- Dataset content
────────

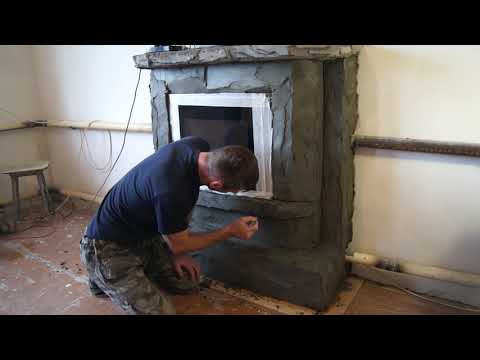 Видео: Камин и необычная полка для цветов при помощи Арт бетона !!!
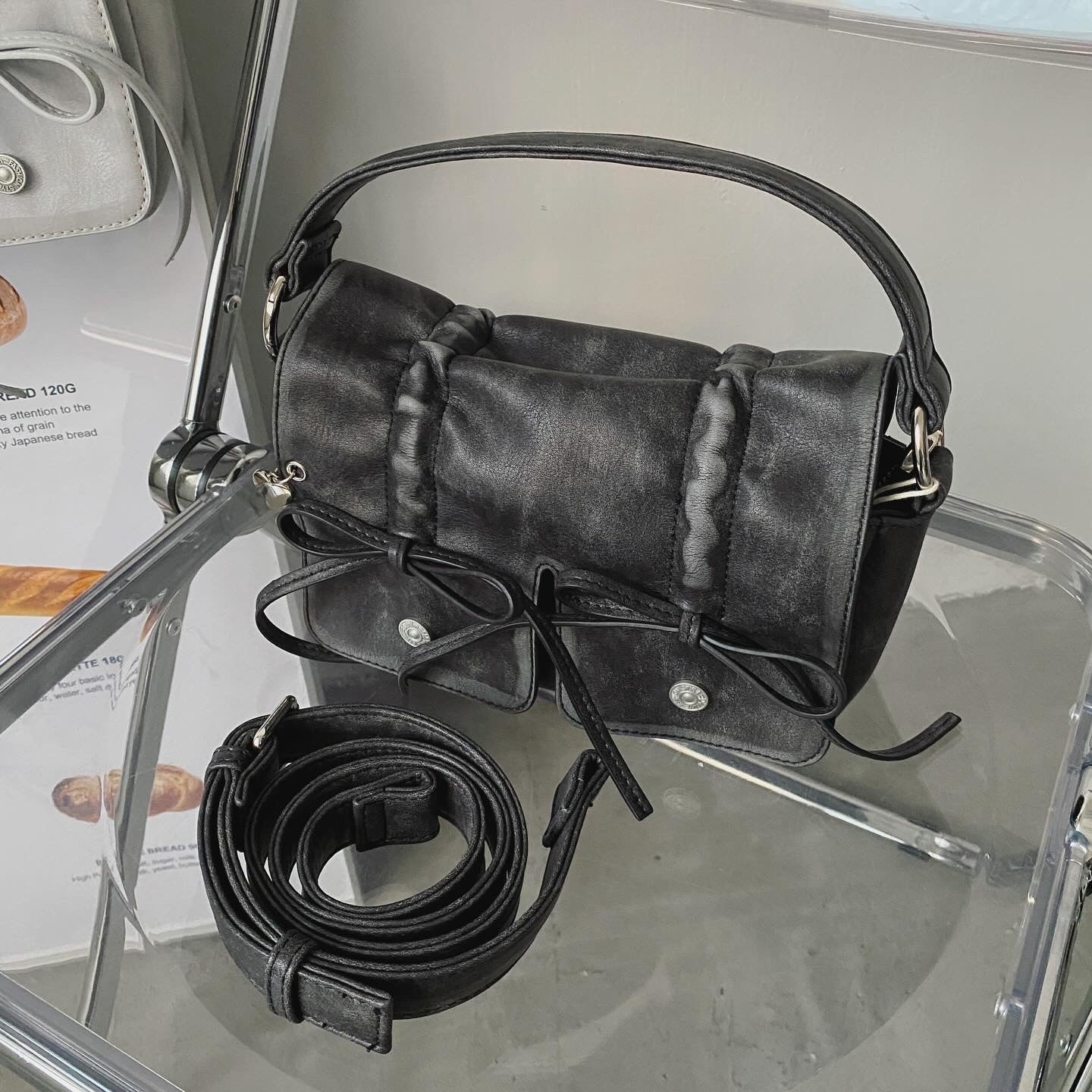 Preorder - BG025 Ribbon PU Leather Mini Bag Gray | Black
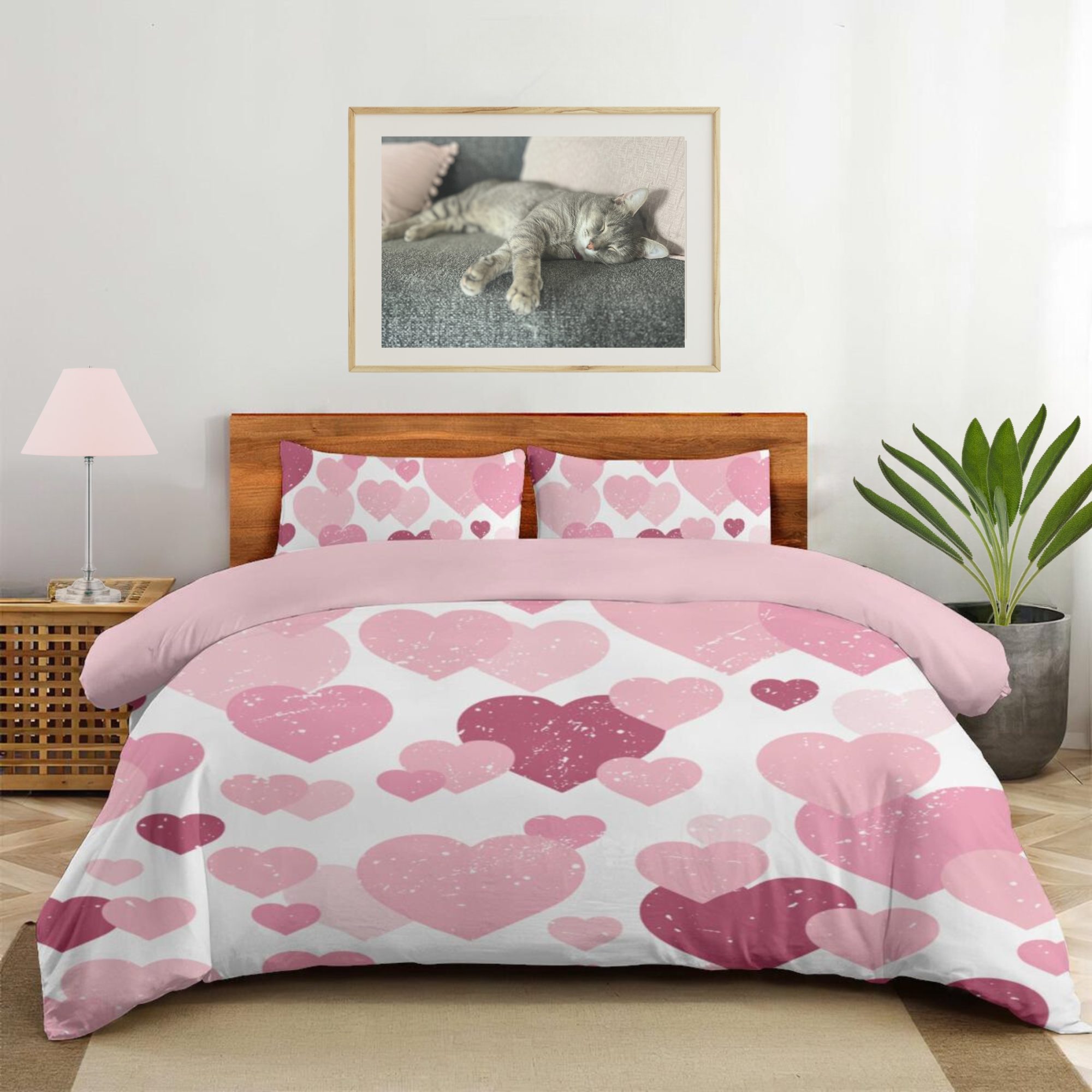 pink heart valentines day bedding set, duvet cover and pillow shams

────────

- Problem statement
Output the listing unchanged, pictures excluded.

- Task response
 Видео: Камин и необычная полка для цветов при помощи Арт бетона !!!
 Preorder - BG025 Ribbon PU Leather Mini Bag Gray | Black
 pink heart valentines day bedding set, duvet cover and pillow shams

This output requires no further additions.